With this technique, it is possible to obtain more meaningful and complex interpretations than those currently achieved with keyword spotting. As we consider the structure of the phrases, we can analyse the existing dependencies. For example, “an omelet with two eggs” can only be interpreted correctly when it is clear that “two eggs” complements the omelet. Systems based on keyword spotting would have interpreted that the user has eaten eggs and omelet (not an omelet cooked with two eggs), and there would be an ambiguity about how to assign the quantity (two eggs of two omelets). Our evaluation results confirm that the proposed approach obtains higher interpretation accuracy and makes it possible to interpret more complex commands (e.g., compound meals).
The rest of the paper is organized as follows.
Section 2, presents the current approaches for language understanding in the nutritional coaches field.
Section 3 defines a new natural language interaction procedure for nutritional coaches to improve the food recording process.
Section 4 shows the general discussion behind the validation process and the results. Finally,
Section 5 presents the conclusions.
2. Current Approaches for Language Understanding in Nutritional Coaches
In the following section we introduce the general background in which this proposal is located. To describe the general context, we are going to talk about the health coaching and the current advances in the use of semantic rules in the field of nutritional coaching.
2.1. Nutritional Coaching
Health coaching is based on the sustained review of different healthy habits such as nutrition, physical exercise, sleep habits, etc. [
10,
11]. This discipline aims to identify and correct healthy behaviors with a pre-established goal. Among the different areas that it encompasses, we highlight nutritional coaching. Nutritional coaching is the training and supervision of the nutritional habits of users with the objective of adapting their alimentary intakes to meet health goals [
12]. To perform this supervision, an analysis process of food consumed by users is necessary. There exist several mechanisms to track this supervision like following a strict diet plan, annotating the usual eaten meals or completing nutritional surveys in order to know the user’s nutritional habits [
13]. Nowadays, the incursion of new technologies has favored the use of software to monitor nutritional analysis [
14]. These tools are used by users to search and record daily food intakes in order to subsequently perform an analysis of the nutritional information of the food eaten [
15]. With this analysis the dietary habits of the monitored users are cataloged and nutritional plans (diets) can be suggested to each user.
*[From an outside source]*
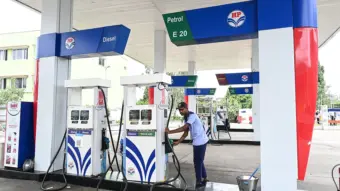 E20 reduces fuel economy by 3 - 5% in some vehicles, says govt amid row over blending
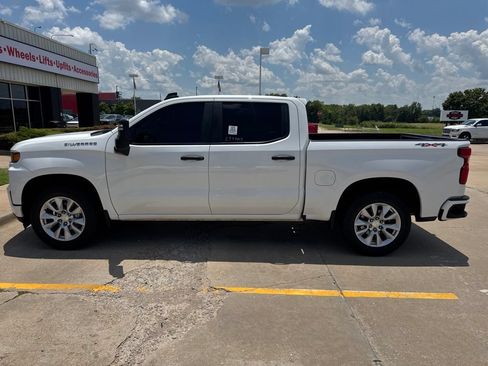 Used 2021 Chevrolet Silverado 1500 Custom w/ Custom Max Trailering Package AWD/4WD image 3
2.2. Semantics for Health Coaches
Language is the main mechanism for communication and analysis of information. Therefore, through natural language processing (NLP), we seek to find computational mechanisms that allow us to understand and generate texts in a natural language automatically. With the introduction of new interaction mechanisms through natural language, we can provide software systems with more natural methods to interact with users. To perform automatic natural language understanding, it is necessary to extract and identify all the structures with value that are going to be used (e.g., “I have eaten three red and tasty apples” the value structures for the processing are “have eaten” that indicate the action, “three apples” that indicate the main argument which is going to be recorded). For this, different techniques must be used to analyze and process the language of the users. In the context of health coaching, the analysis of key words in natural language is one of the most widely used techniques. Different assistants from the field of health and from other areas use this type of language analysis due with this method it is possible to develop easily new applications that respond to certain specific commands through voice or text commands. Exemplifying this process, there are tools such as DialogFlow that allow the development of assistants or coaches with voice interaction or text entry [
16]. For its operation, different fixed or slightly dynamic structures organized by keywords are specified. These keywords are placed in specific positions of the different commands that want to be implemented. During the analysis of natural language, these tools divide the text into pieces analyzing whether the words fit into the previously defined categories. Finally, after the analysis of the evaluated pieces, the action and the arguments to develop it are recognized and the action is executed with that information. These procedures offer effective results but are limited to a preset structure of previously evaluated commands.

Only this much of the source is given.